RCF/Private Placement Structure
White & Case represented the Aliaxis group in respect of an approximately €850 million cross border financing which included financings under English law, New York law and German law. Highlights include:
• a €680 million English law revolving facility agreement and two notes issuances – an approximately €50 million New York law private placement and a €120 million German law Schuldschein
• despite complex competing governing law requirements and the raising of capital via different debt products, White & Case crafted matching or complementary provisions across all of the debt instrument documentation to the satisfaction of all parties.
Mid-cap's Blurred Lines
White & Case's strength in the hybrid mid-cap/large cap market is highlighted by our representation of the Iris Software group (an HgCapital portfolio company) in connection with its GBP430 million refinancing. Notable points include:
• mid-cap deal with a mix of large-cap deal terms highlighting how the lines are becoming blurred between deal terms on offer for mid-cap and large-cap transactions. Certain strong mid-cap credits (such as Iris) have attracted large-cap terms, sometimes more so than large-caps with a more challenging credit history. The traditional approach of looking solely at the value of the deal no longer applies
• a divergent lender group with a mix of credit funds and traditional mid-cap market bank lenders.

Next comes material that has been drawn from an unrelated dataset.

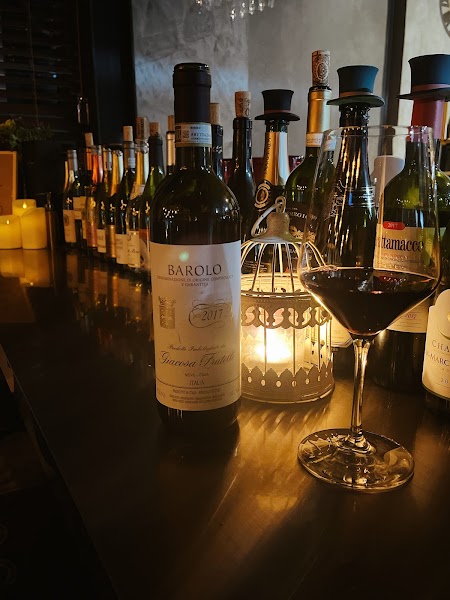 A wine glass and a bottle of Barolo wine displayed on a dimly lit restaurant counter with a decorative candle lantern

White & Case has acted on other deals involving financing arrangements for corporates, which have been structured on the basis of similarly "covenant loose" documentation.
White & Case's stronghold in Russia has been demonstrated by our representation of a number of Russian clients in recent times including Eurochem. Highlights from the Eurochem transaction include:
• up to $750 million secured hybrid pre-export financing
• one of the biggest pre-export financings in Russia.
Serbian Take Private
The Mid Europa Partners acquisition of Danube Foods Group BV and Clates Holding BV required a rigorous timeline. Highlights include:
• an unusual mix of Serbian and non-Serbian lenders in relation to the €375m senior and a €60m PIK financed by the European Bank for Reconstruction and Development
• three listed Serbian operating companies, two of which were partially owned (i.e. 80% and 60%) with a voluntary takeover bid for the remaining shares in the two partially owned Serbian companies at financial close.
Financial Institution Restructuring
White & Case has spent many years advising on the restructuring of Kaupthing hf., which became effective from December 23, 2015. Highlights include:
• with liabilities of more than US$45 billion and creditors in more than 100 countries, Kaupthing hf. is one of the largest ever bank insolvencies
• the successful restructuring enabled the distribution of billions of euros in cash, as well as other instruments, to senior unsecured creditors
• it also facilitated those creditors taking control of the company and its remaining assets. Completing the restructuring before the end of 2015 also ensured that Kaupthing was not subject to an Icelandic stability tax on its assets, preserving value for creditors.
White & Case advised the steering committee on the restructuring of TORM AS, a Danish listed shipping company. Highlights include:
• restructuring by way of an English scheme of arrangement which involved a mandatory cancellation of 'out of the money' debt in return for warrants and an optional exchange under which scheme creditors were eligible to exchange additional scheme claims or secured indebtedness for shares
• a merger of equals between Oaktree and TORM by way of contribution in kind in exchange for the majority of shares in TORM
• the provision of a new US $75m working capital facility.
Borrowing Base Facilities
White & Case represented Trafigura on its flagship $2 billion refined metals borrowing base financing.
2016 continues to be another year of innovation and diversity in financing structures, which will be necessary to deal with events such as the collapse of oil and gas prices and the slowdown in M&A activity. This will undoubtedly provide interesting opportunities for issuers, borrowers, sponsors, investors, banks and direct lenders alike.